From every direction, Natalie Portman’s character is pushed and pulled to be something or someone different. Her director wants her to embrace her dark side, her new friend wants to see her let go, and her mother wants for her to remain a child. Over time, her identity is lost and split personalities emerge, until one day, when asked where her true self has gone she exclaims, “She’s not here anymore!”

And such is Marcus. Pulled in all directions- fans wanted to see the carefree guy they knew last year, Monty wanted to control him, and his teammates asked him to mature both on and off the court. In the end, Marcus simply lost his identity, and now He’s not here anymore! Here’s hoping that he has a happier ending than Portman did. Although I don’t know which is worse, (SPOILER ALERT!!!) death or playing for the Kings.

Other, less obvious, connections:

Emeka Okafor / The Social Network

More than almost anything, Mark Zuckerberg was fueled by not getting invited into the Final Clubs. Emeka has never been to the playoffs- the ultimate destination being the FINALS. Oh yeah, and both guys are wicked smart.

DJ Mbenga, Aaron Gray, Quincy Pondexter, Pops Menash-Bonsu/ Toy Story 3

The toys wish that their owner would stop taking them for granted and just play with them more. These little used reserves just wish that Monty would play them more. Oh well, at least they have each other. And is there any doubt that Mbenga would make a great Mr. Potato Head?

Marco Belinelli / The King’s Speech

The guy doesn’t talk much, but I have gotten a chance to be there when Joe interviewed him and Marco is quite charming once you get past the sometimes hard to understand accent.

Jarrett Jack / The Kids are All Right

An unconventional family is reenergized when somebody new is introduced into the dynamic. At certain times, the new member appears to be a perfect fit, while other times it appears that this new member might just tear everything apart. Such is Jarrett Jack.

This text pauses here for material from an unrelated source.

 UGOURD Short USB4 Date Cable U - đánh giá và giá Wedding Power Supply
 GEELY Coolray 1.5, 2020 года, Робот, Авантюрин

Winter’s Bone . . . I got Nothin’

Here is the synopsis, you figure it out:
With an absent father and a withdrawn and depressed mother, 17 year-old Ree Dolly keeps her family together in a dirt poor rural area. She’s taken aback however when the local Sheriff tells her that her father put up their house as collateral for his bail and unless he shows up for his trial in a week’s time, they will lose it all. She knows her father is involved in the local drug trade and manufactures crystal meth, but everywhere she goes the message is the same: stay out of it and stop poking your nose in other people’s business. She refuses to listen, even after her father’s brother, Teardrop, tells her he’s probably been killed. She pushes on, putting her own life in danger, for the sake of her family until the truth, or enough of it, is revealed.